In 2016, Department of Homeland Security Secretary Jeh Johnson found that state election officials were suspicious of federal offers of assistance in defending their voting systems from cyber attack. He tried to persuade them to accept DHS designation of those systems as “critical infrastructure,” which would have given states access on a priority basis to a range of protections. The response he received ranged from “neutral to negative.” DHS concluded that, in the middle of an election, it was best not to have a protracted, politicized fight over this step. It focused on providing assistance where it could, and a large number of jurisdictions requested help. In January 2017, even with officials remaining skeptical about the designation, Secretary Johnson proceeded to issue it.
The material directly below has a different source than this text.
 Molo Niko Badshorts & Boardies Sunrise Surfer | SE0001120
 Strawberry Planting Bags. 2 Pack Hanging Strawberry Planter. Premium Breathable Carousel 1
According to Johnson, and as further reflected in reporting by The Washington Post, election officials resisting this engagement with the federal government viewed it as a threat to” states rights.” At least one, Brian Kemp of Georgia, suspected that the Administration might be using the claimed Russian interference as a ploy to advance the political prospects of its favored candidate, Hillary Clinton. Kemp and others were not convinced that the Obama Administration had properly fixed blame on the Russians. Congressional Republican leadership stayed close to their state allies on these points, also stressing the rights of states and declining to embrace the finding of Russian intrusions.
This is a revealing part of the 2016 story: government at war with itself, in the grip of partisanship, when under cyber attack from a foreign government. The attack was directed at the electoral process, and yet it was still not enough to produce a unified, fully coordinated federal and state response. For all the progress in bipartisan election administrative reform in recent years--and there has been a fair measure of it--Johnson’s account exposes key, and altogether familiar, structural obstacles.